There have also been cases where manufacturers delayed the confirmation of DDR5 contract pricing, which led to additional short-term price increases as market uncertainty grew. These actions reflect a deeper strategic shift: when demand is strong and customers are willing to accept higher prices, suppliers prefer to protect margins rather than pursue volume growth.

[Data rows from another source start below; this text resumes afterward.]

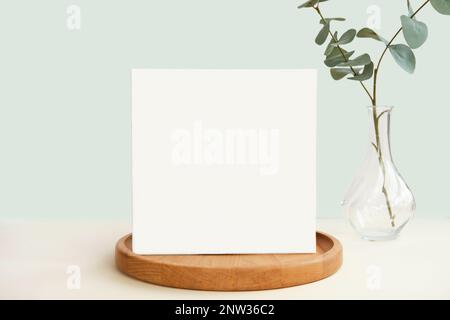 Blank Greeting Card, Invitation Mockup. Front view Eucalyptus Plant, Modern Wooden Plate, Boho Paper Mock Up on Green Table Copy Space. Minimal Busine Stock Photo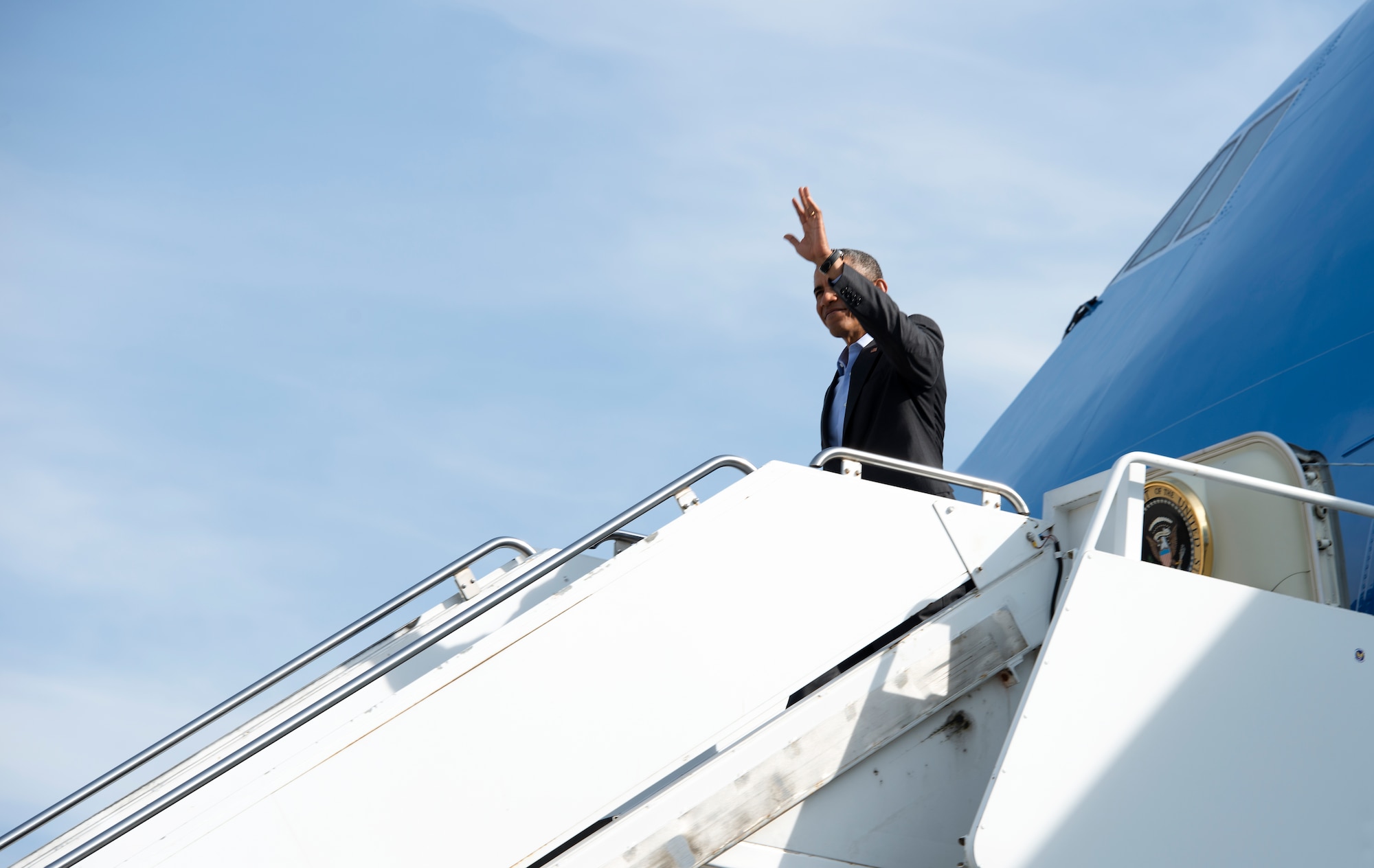 President Barack Obama waves hello as he exits Air Force One, March 29, 2014, at Ramstein Air Base, Germany. During his stop, Obama visited wounded warriors from Landstuhl Regional Medical Center. (U.S. Air Force photo/Senior Airman Damon Kasberg)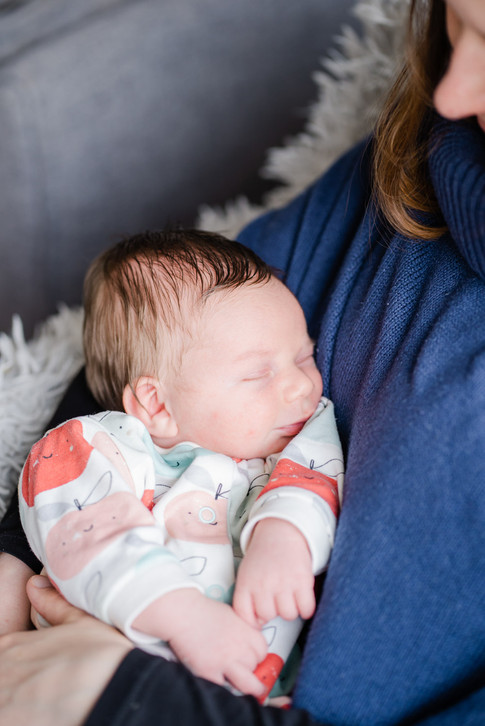 A baby in a bright babygrow sleeping in his mother's arms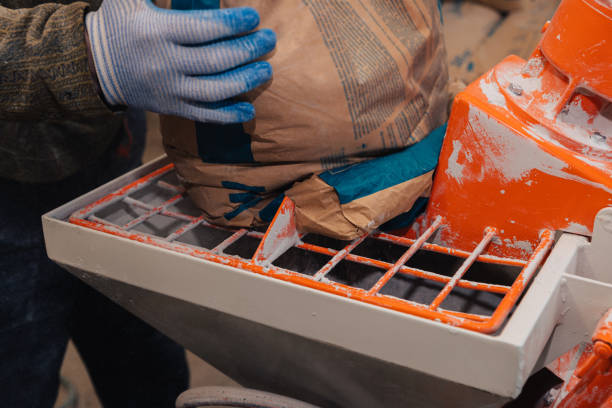istock A specialized mixer for mixing dry plaster with water and automatically feeding the finished plaster. A worker pours a bag of dry plaster into the hopper. 1309788049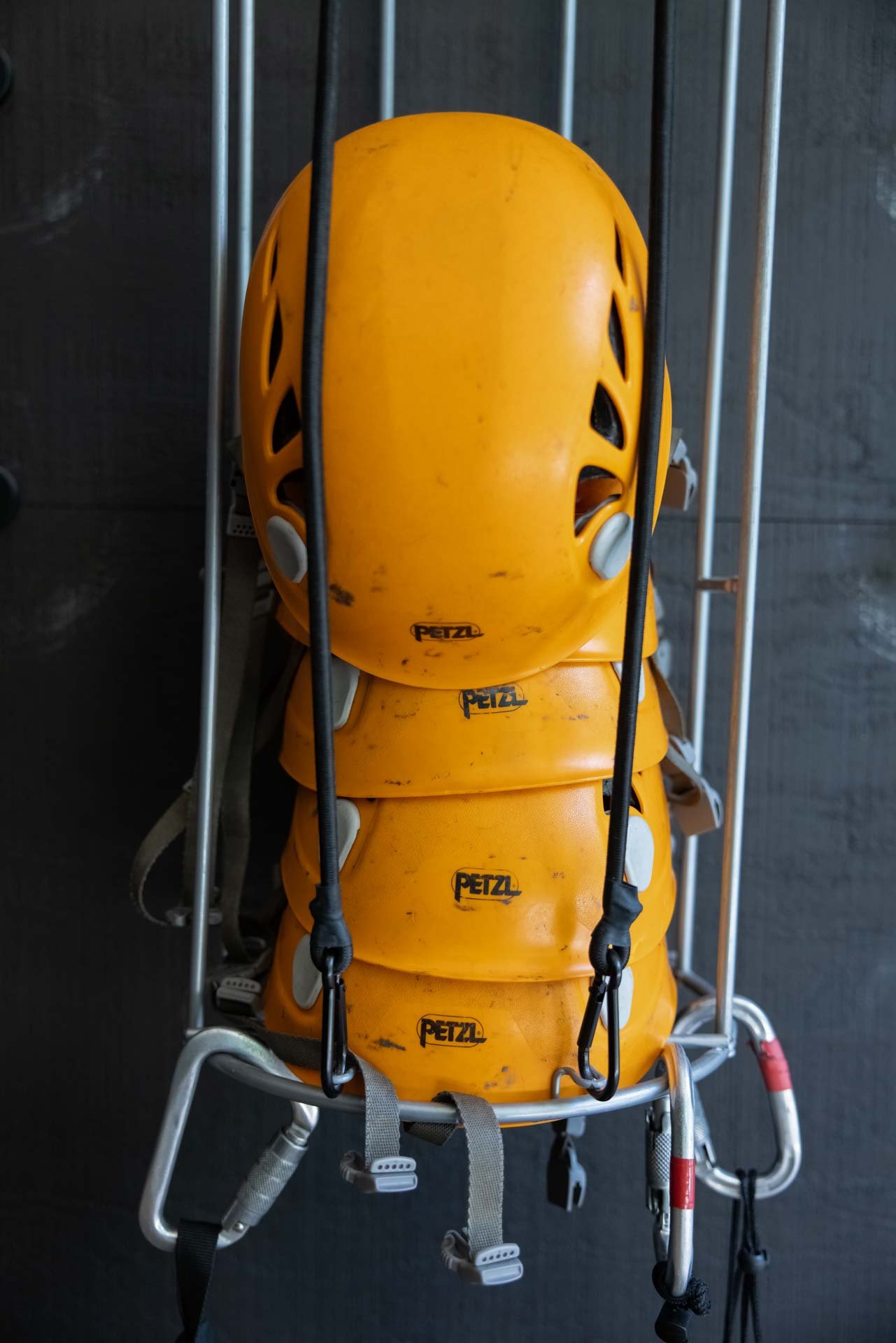Stack of four yellow Petzl climbing helmets with black logos, hanging on a metal rack with carabiners on the straps.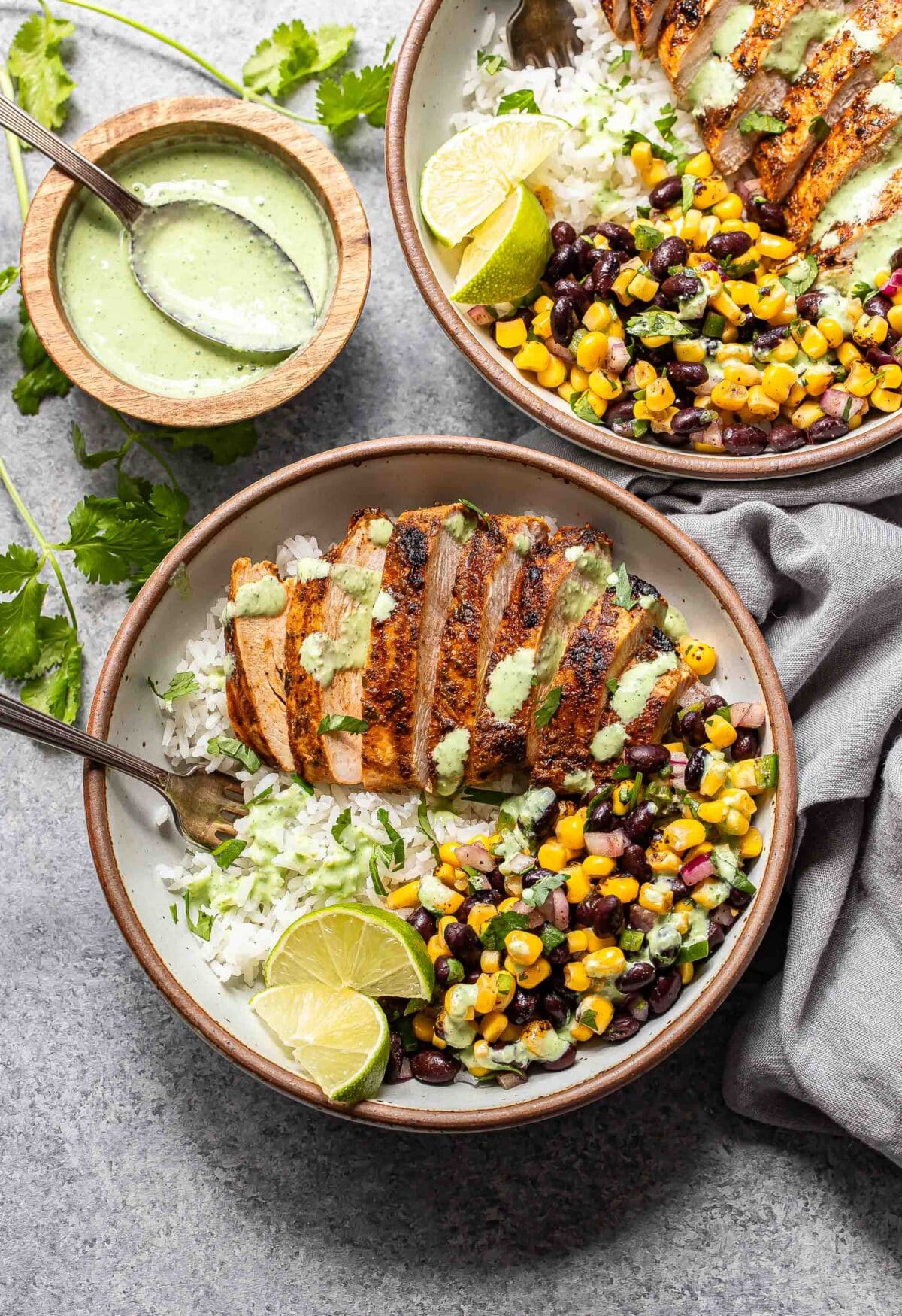 Two Southwest chicken and rice bowls with black bean corn salsa and cilantro lime dressing in a white bowls with forks. A bowl of the dressing is next to it.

responses from PC, server, and end markets
Rising DDR prices do not stop at the memory industry level. Over time, these costs are passed down to system manufacturers and ultimately to end customers. Memory remains a meaningful component of system bill-of-materials costs, especially for high-capacity configurations. As a result, multiple market observers expect higher memory costs to contribute to price increases for PCs, laptops, and other computing devices. Some forecasts suggest that PC end-user prices in the second half of 2026 could be 15% to 20% higher than 2025 levels, driven in part by rising memory and storage costs.
In the DIY and retail markets, consumers are already feeling the pressure. DDR5 memory modules have reached several times their previous retail prices on some platforms, and in certain cases have even become targets of speculative reselling.
Outlook: elevated pricing and a gradual return to balance
While the short-term consensus remains that DDR prices will continue to rise, this does not imply unlimited upside. Over the longer term, new capacity additions, technology transitions, and changes in demand growth will eventually push the market toward a new equilibrium. For now, most industry forecasts agree that meaningful price relief is unlikely before the first half of 2026. This view is based on continued supply tightness, low inventories, and ongoing early procurement behavior by downstream customers. Beyond that point, whether prices peak and begin to decline will depend on how quickly new capacity comes online, how AI and server demand evolves, and whether memory manufacturers choose to reallocate resources back toward traditional DDR products.